With substantial software contributions by Martin Lazarov, Johannes Dellert, Kilian Evang and I have been working on a comprehensive graphical grammar development environment called Kahina for logic programming and grammar development in the TRALE system. The project was initially funded by a Karl-Steinbuch-Stipendium for Johannes and Kilian. Important Kahina modules that were not covered by this stipend were supported by very substantial software development money provided by Stefan Müller, Gert Webelhuth, and Detmar Meurers.

MiLCA, Teilprojekt Grammar Formalisms and Parsing (2001-2003)

Medienintensive Lehrmodule in der Computerlinguistik-Ausbildung (MiLCA) started in summer 2001 and ran through 2003. I directed a project in the MiLCA consortium (Modul A4, Grammatikformalismen und Parsing - Grammar Formalisms and Parsing) that designed a course in HPSG covering the mathematical foundations, linguistic theorizing, and the implementation of HPSG grammars in the TRALE system.

Strukturfonds/Projektförderung (2002-2003)

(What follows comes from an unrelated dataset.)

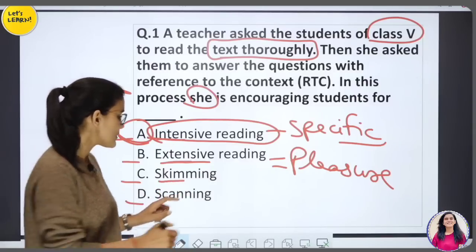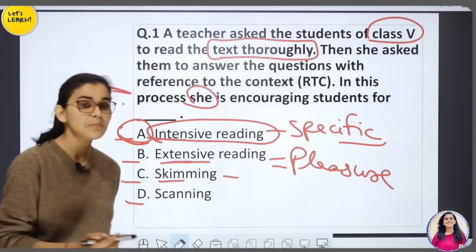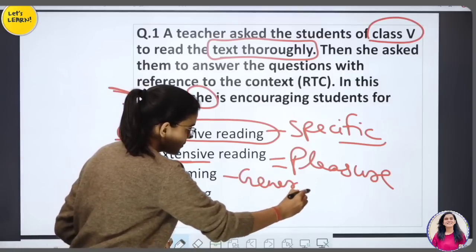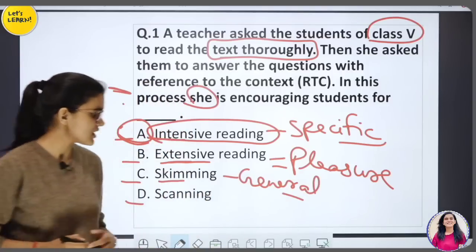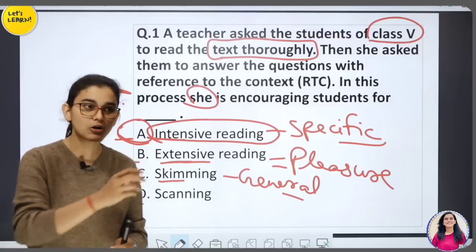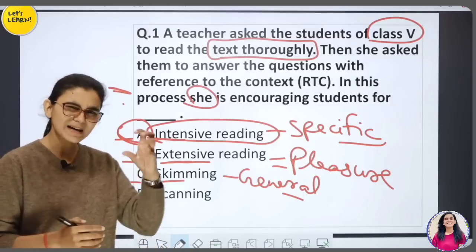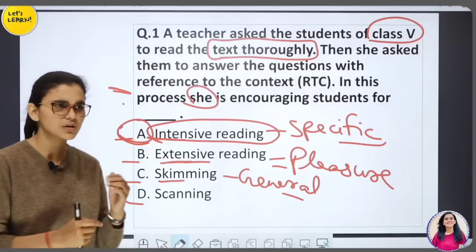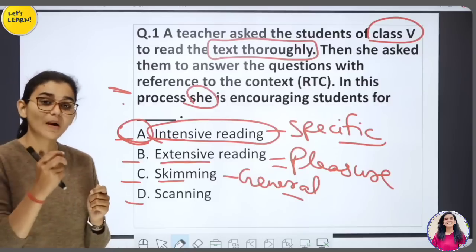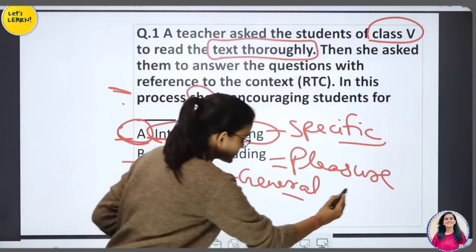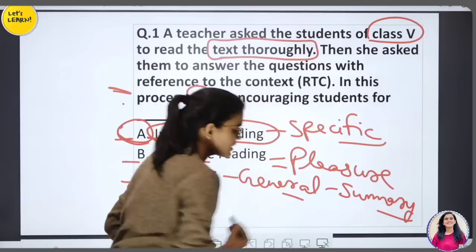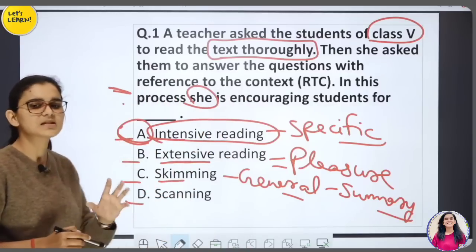Skimming is when you want to get the gist — a general idea. You want to read a paragraph. For example, in a paper you are given an unseen passage and you have to give its title or a summary. You don't need to go word-to-word; you just need the general idea. That is skimming.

From July 2002 through July 2003 the Strukturfonds of the University of Tübingen funded a project in which we were creating on-line resources on HPSG and started a co-operation with Gerald Penn of the Computer Science Department of the University of Toronto on the efficient implementation of a new combinatorial system for model-theoretic semantics in TRALE. The result of the project (besides publications) was the first prototype of an implementation of Lexical Resource Semantics. The research in this project was conducted by Manfred Sailer, Gerald Penn and myself.

Verbmobil (1993-2000)

This was a project about machine translation of spoken dialogues from German to Japanese and vice versa. I was involved in designing a Baumbank (tree bank) for German.

VisaS (2016-2019)

VisaS (German: Visualisierung akademischer Schreibkompetenz) - Visualization of academic writing skills - was an interdisciplinary project aimed at developing software to assist students in acquiring academic writing skills by providing a qualitative analysis of their texts.